4.2. L’approche par Modélisation Phonétique Différenciée

Les meilleures performances en IAL sont actuellement le fruit des modèles phonotactiques dont l’un des principaux avantages est qu’ils peuvent être estimés automatiquement sans nécessiter de données étiquetées spécifiques à la langue à traiter. Comme nous l’avons vu précédemment, de tels systèmes nécessitent néanmoins de disposer d’un — ou de plusieurs — module(s) de décodage acoustico-phonétiques.

Cependant, la conception des décodeurs acoustico-phonétiques constitue une étape particulièrement onéreuse tant au niveau de la collecte des données que sur le plan de l’étiquetage. Bien qu’obtenant — pour onze langues enregistrées en milieu bruité — un bon score d’identification (environ 90%), les systèmes d’IAL actuels sont conçus, comme le souligne Pellegrino (1998), sur la base d’un paradoxe fondamental puisque « l’étape la plus coûteuse du processus (i.e. le décodage acoustico-phonétique) n’est pas explicitement exploitée pour la discrimination des langues, mais implicitement employée comme pré-traitement de la modélisation phonotactique » (Pellegrino, 1998:99).

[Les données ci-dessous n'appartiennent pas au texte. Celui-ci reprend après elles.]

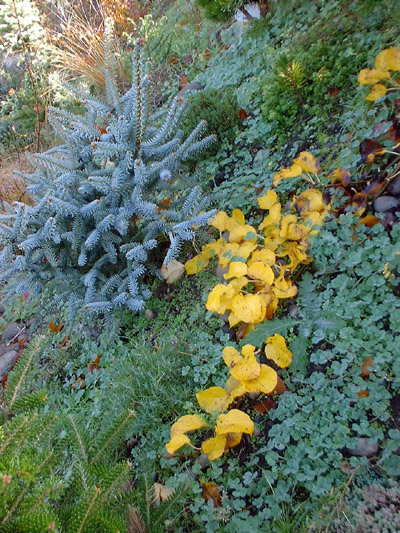 Salix Yezo Alpina Arctic Willow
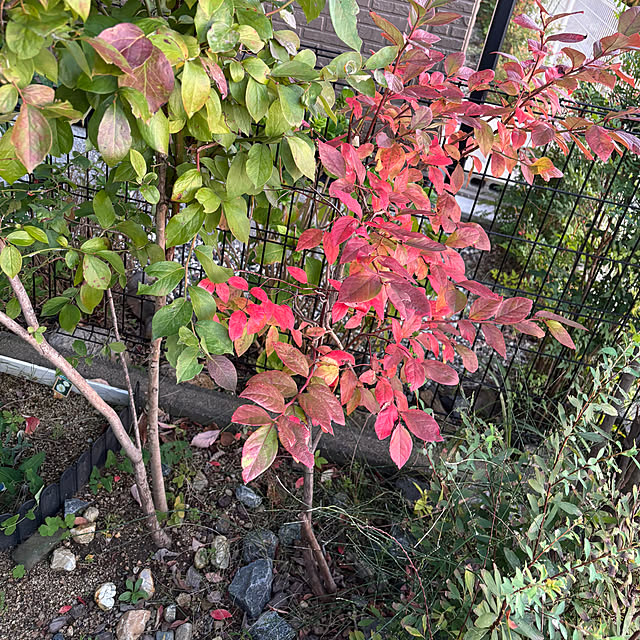 applepieさんの部屋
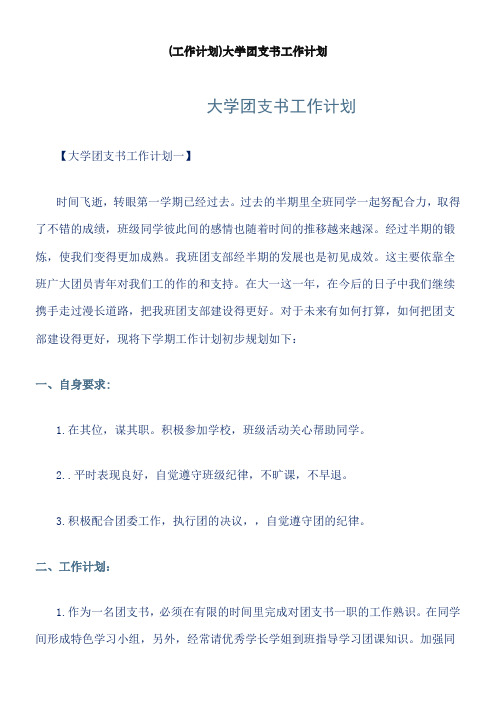 大学团支书工作计划word版本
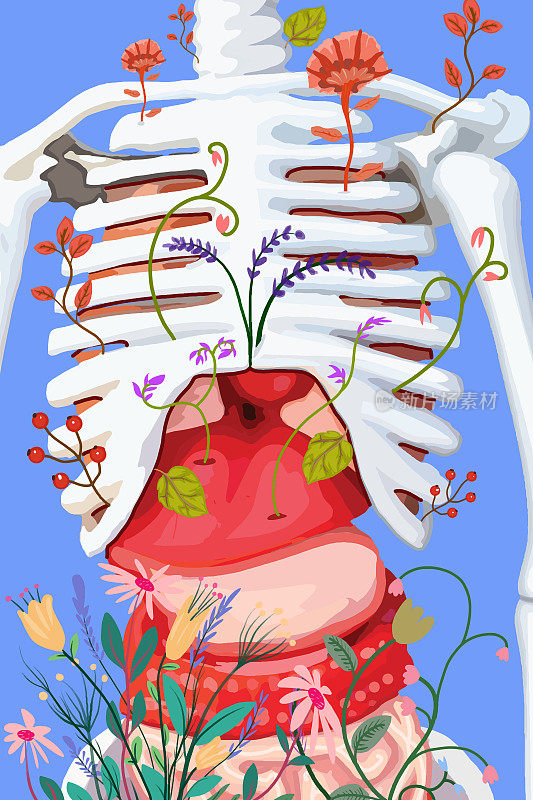 人的骨架和花朵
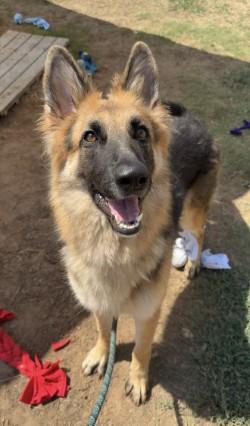 Lily, Adoptable, Young Female German Shepherd Dog.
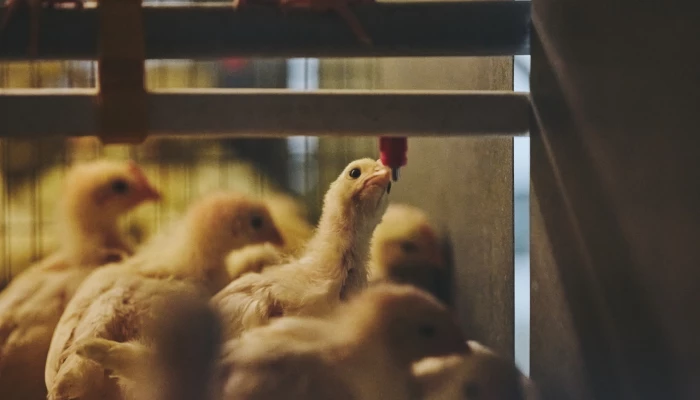 Poussins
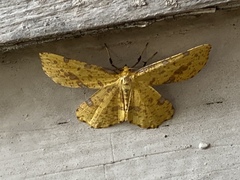 Xanthotype urticaria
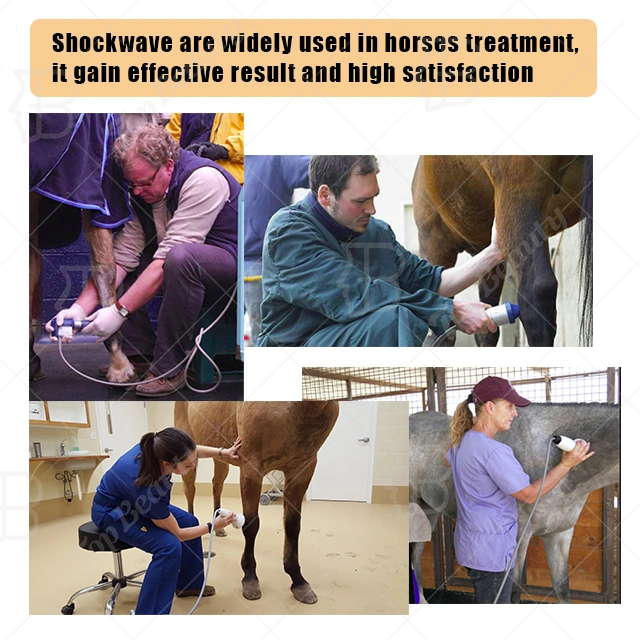 New Portable Vet Shockwave for Horse & Big/Small Animal Shock Wave Therapy Equipment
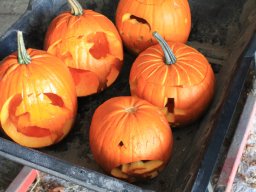 img_0094_web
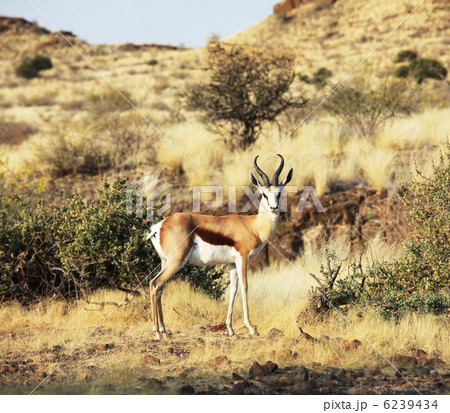 Antelope 6239434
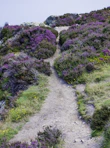 lavenders on hill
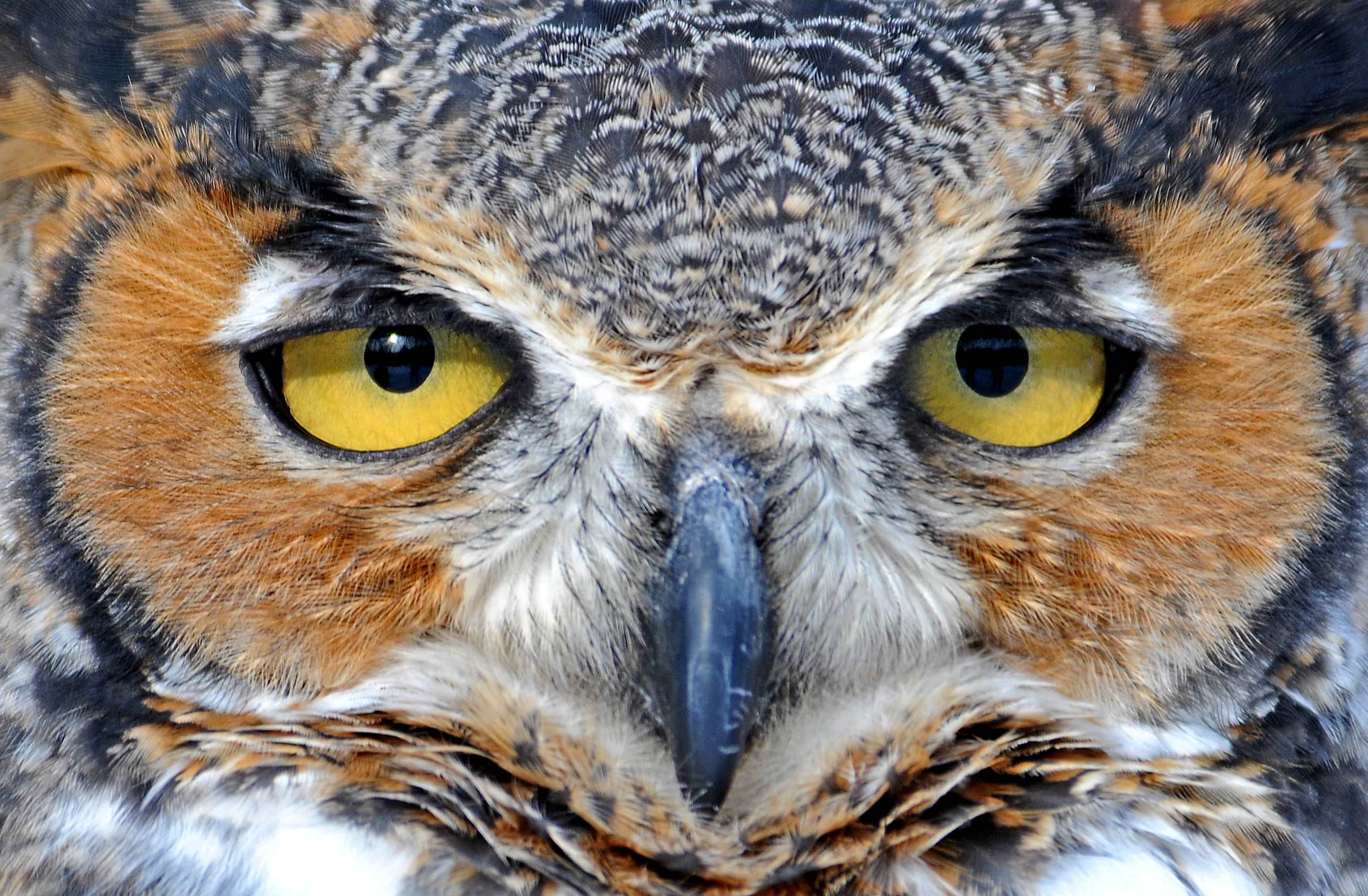 Great Horned Owl - Howell Nature Center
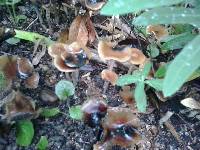 Psilocybe cyanescens image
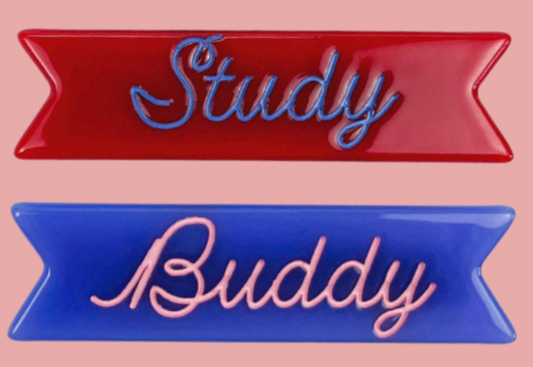 Study Buddy Hair Clip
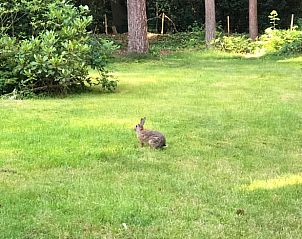 Ein Kaninchen im Garten des Ferienhauses in Norg, genieen Sie die lokale Tierwelt in Nord-Drenthe, Drenthe.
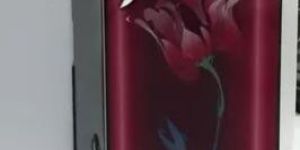 Domestic Atta Chakki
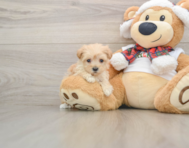 9 week old Maltipoo Puppy For Sale - Puppy Love PR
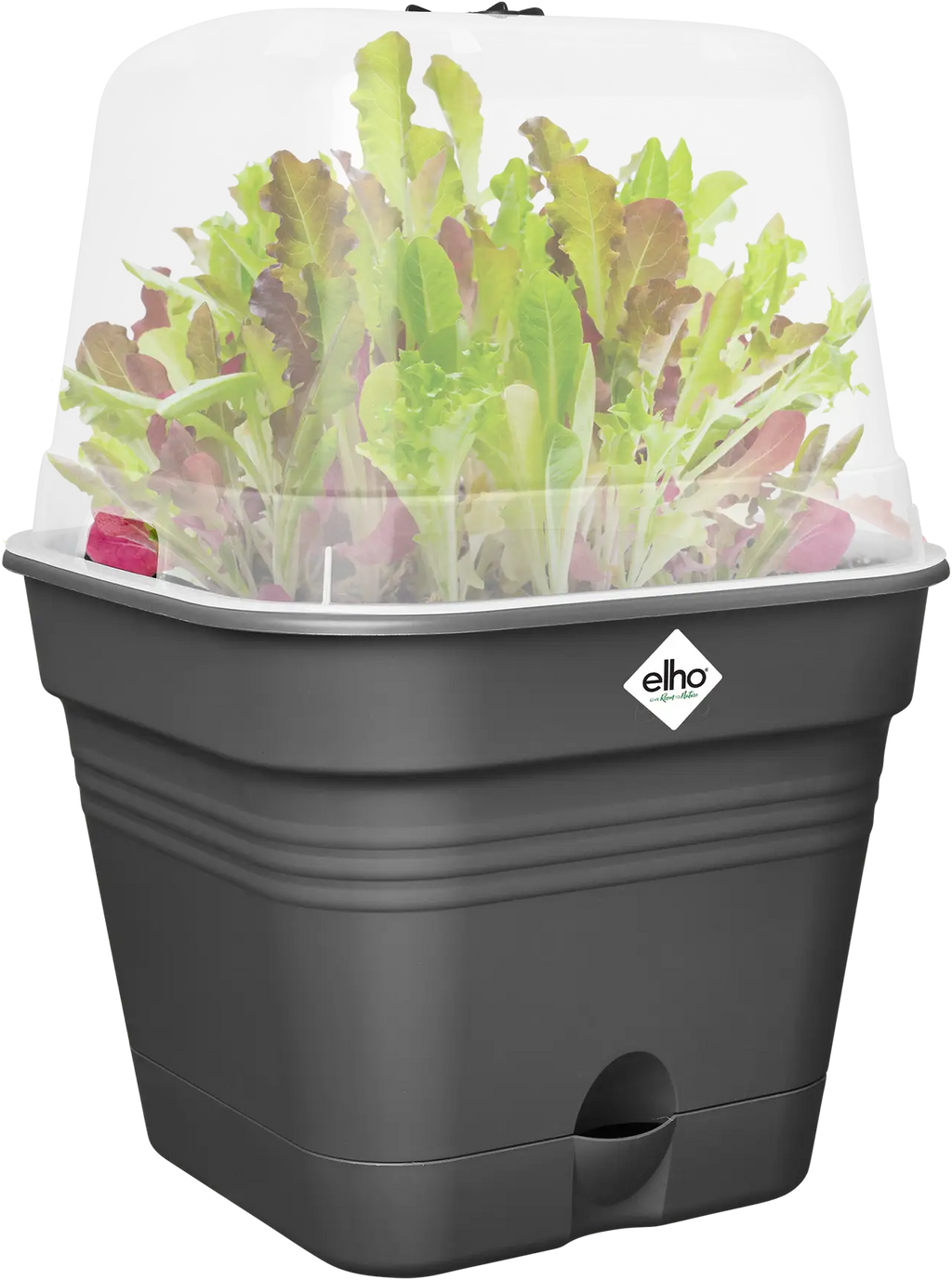 Elho Anzuchttopf Set Green Basics 35cm - Quadrat, Living Schwarz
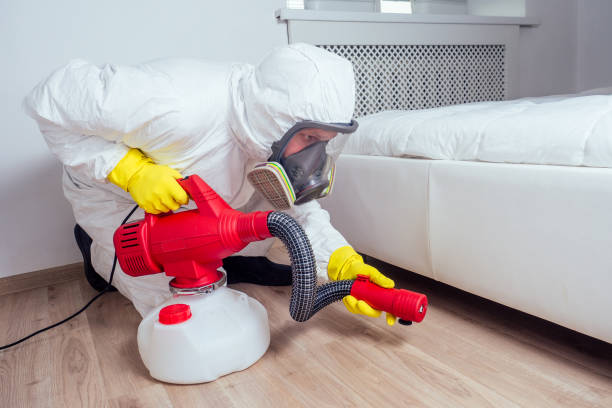 Best Bed Bug Extermination  in Cheshire Village, CT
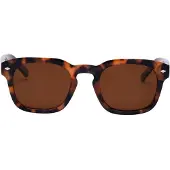 I-sea Blair 2.0 Polariserede Solbriller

Pour pallier ce manque, l’auteur propose une approche originale visant à utiliser conjointement les modèles acoustico-phonétiques et phonotactiques de manière à exploiter le maximum d’informations. Cette démarche est essentiellement fondée sur l’étude de typologie linguistique développée par Maddieson (1984) et Vallée (1994). Elle vise à distinguer — à l’intérieur des systèmes phonologiques des langues du monde — des classes majeures de sons (i.e. consonnes vs voyelles) de manière à modéliser automatiquement les systèmes phonologiques des langues à traiter. Les sons appartenant à chacune de ces deux classes pouvant être à leur tour répartis en sous-classes — dites naturelles — en fonction de leurs propriétés acoustiques (i.e. voyelle orale vs nasale, consonne plosive vs fricative, etc). Les typologies linguistiques ainsi obtenues peuvent être utiles en IAL car lorsque l’on modélise un ensemble de sons homogènes (comme par exemple, les voyelles), on peut plus facilement prendre en compte certaines contraintes spécifiques (comme, pour le cas des voyelles, les limites de l’espace acoustique dans lequel elles sont produites). Ces remarques ont ainsi mené l’auteur à envisager une modélisation différenciée de chacun des sous-systèmes phonologiques (i.e. système consonantique vs système vocalique). Cette modélisation est, dans un second temps, redéfinie en tenant compte des contraintes liées à la représentation acoustico-phonétique de la parole spontanée (i.e. phénomènes de co-articulation). Le schéma suivant présente les différentes phases opérées lors de l’utilisation d’une telle méthode.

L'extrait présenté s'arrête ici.